What You'll Do
Define how success is measured across strategic initiatives by working closely with project teams during early discovery phases. Turn high-level business goals into precise, trackable KPIs that align stakeholders and guide decision-making.
Establish baselines, set performance targets, and design evaluation methods that objectively assess value creation. Develop standardized approaches and reusable tools to streamline measurement across projects, reducing setup time and increasing consistency.
Lead client discussions to surface implicit expectations, clarify outcomes, and build shared understanding of what success looks like. Translate qualitative aspirations into quantifiable commitments, ensuring accountability on both sides.
Step in when complex analytical challenges arise—performing multi-touch attribution, predictive modeling, or advanced segmentation as needed. Work hands-on with data to uncover root causes, validate results, and distinguish correlation from causation.
After solution deployment, analyze performance to verify impact. Build evidence-based narratives that inform adjustments, guide next steps, and ensure every analysis leads to action. Avoid unnecessary complexity by keeping focus on business outcomes.

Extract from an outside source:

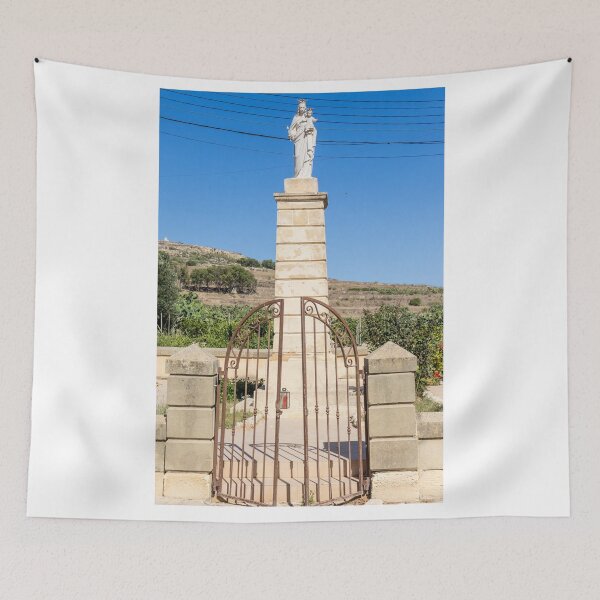 Item preview, Stone Madonna Statue on Pillar Behind Wrought Iron Gate at Rural Shrine Under Blue Sky designed and sold by Nmallia.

Develop and maintain analytical standards across the organization. Document methods, create templates, and mentor team members to strengthen overall capability. Identify patterns across projects and feed insights back into organizational knowledge to accelerate future work.
Requirements
- Proficiency with SQL, Python, or R for statistical analysis, and experience with BI platforms such as Looker, Tableau, or Power BI
- Strong grasp of statistical techniques including significance testing, regression, cohort analysis, and A/B testing
- Experience handling large, diverse datasets and integrating multiple data sources
- Skill in designing dashboards and monitoring systems that support ongoing evaluation
- Deep familiarity with customer-centric metrics: conversion rates, customer acquisition cost, lifetime value, churn, and NPS
- Ability to connect operational performance to financial outcomes
- Proven capacity to convert vague objectives into specific, measurable indicators
- Scientific mindset—formulate hypotheses, test rigorously, and question assumptions
- Expertise in identifying biases, confounding factors, and misinterpretations in data
- Persistence in pursuing root causes, not just surface-level explanations
- Clear communication of insights tailored to audience—executive summaries for leadership, technical detail for analysts
- Experience facilitating difficult conversations around success criteria and managing misaligned expectations
- Self-directed work style with ability to manage multiple priorities based on impact
- Proactive identification of analytical needs before issues arise
- Comfort using AI tools to enhance analytical workflows
- Strong intellectual curiosity and commitment to continuous learning
- Native fluency in Italian and professional proficiency in English (B2 or higher)
Preferred Qualifications
- Prior experience in consulting, analytics, or data-intensive roles within fast-paced organizations
- Broad exposure across industries or domains to support pattern recognition and adaptability
- Familiarity with CRM systems and marketing technology stacks
Technical Stack
SQL, Python, R, Looker, Tableau, Power BI, AI-powered analytical tools
Work Environment
This role operates in a data-first culture where decisions are grounded in evidence, innovation is customized to client needs, and collaboration spans disciplines. The organization values rigor, proactive problem solving, and continuous improvement. Team members are expected to work independently, drive alignment, and contribute to collective knowledge.